25 Dec How is Music Streaming Working Out?
The future of music streaming services looks incredibly promising. However, the journey to that future and which services will come out on top are still up in the air.
Just like video streaming, the main strategy for music streaming has been to gather as many subscribers as possible, whether they pay or not, and to stock up on content, with the focus on profitability coming later. This approach has worked so far, to an extent. But how can these services turn their subscribers into a profitable venture?
There are significant costs involved in gaining new subscribers, and even bigger costs in acquiring content and maintaining the systems to support them. Up until now, music streaming services have been hesitant to raise prices, but that’s starting to change.
Goldman Sachs, in their June report, pointed out that music streaming is one of the most under-monetized forms of entertainment in the music industry. The report highlighted that consumers are spending 40% less on music today, as a percentage of their total entertainment budget, compared to the peak spending in 1998.
This led Goldman Sachs to conclude: “This supports our belief that any price increases can be passed onto consumers with minimal churn.”
Recently, music streaming services have started to increase prices, citing reasons like inflation, licensing fees, and the cost of delivering high-quality content. For instance, in October, Apple Music raised the price of its individual subscription in the U.S. from $9.99 to $10.99 per month. Spotify is also considering a similar move.
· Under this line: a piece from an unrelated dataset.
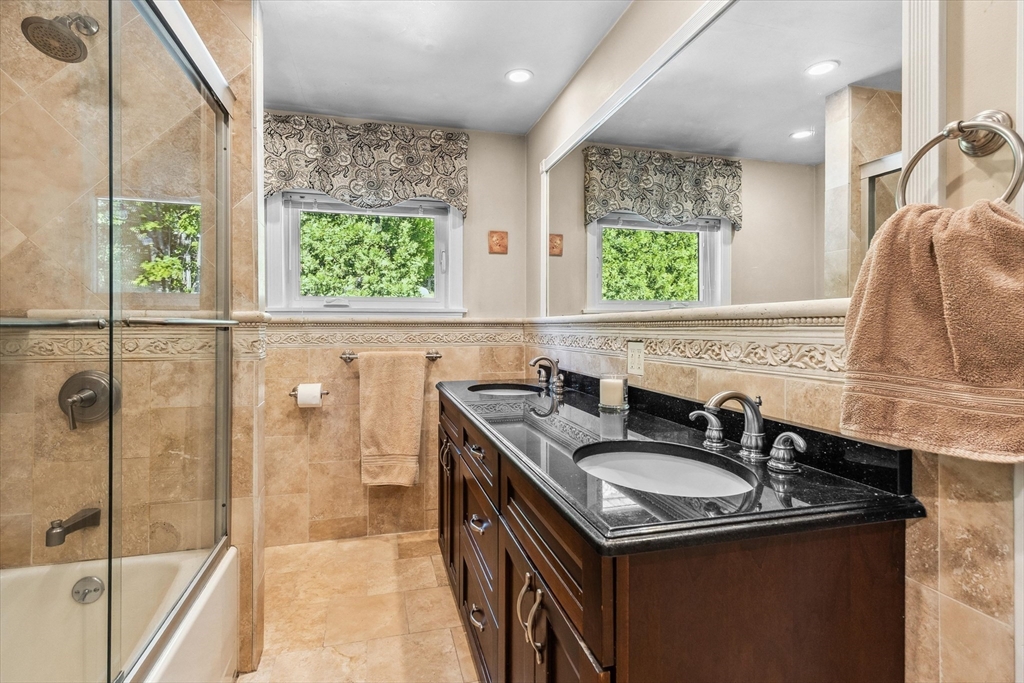29 Copeland Road Lynn, MA 01904 - Photo 14 of 42 Gallery Image 14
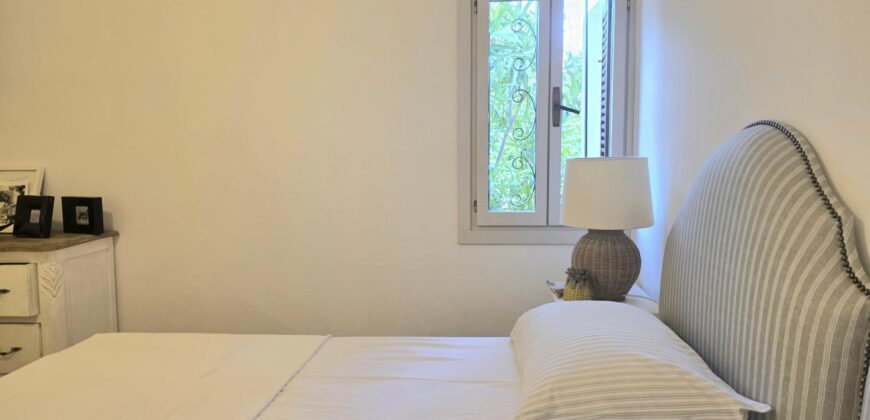 DUPLEX DE ESTILO IBICENCO CON VISTA AL MAR, EN CALA FERRERA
Will these subscription price hikes cover the costs of operations and acquiring new music catalogs, podcasts, and audiobooks? And with ongoing price increases and inflation, will subscribers leave to find a better deal?
One solution is for music streaming services to gain more control over the data on how customers use their services. This would allow them to create more sophisticated business models and pricing plans, beyond the current ad-based services, flat-rate subscriptions, and family plans.
With a flat-rate subscription, when usage goes up, operating costs also rise, but revenue doesn’t. By having full control over customer usage data, services can offer better deals to customers who use the service less, and charge more to those who use it a lot.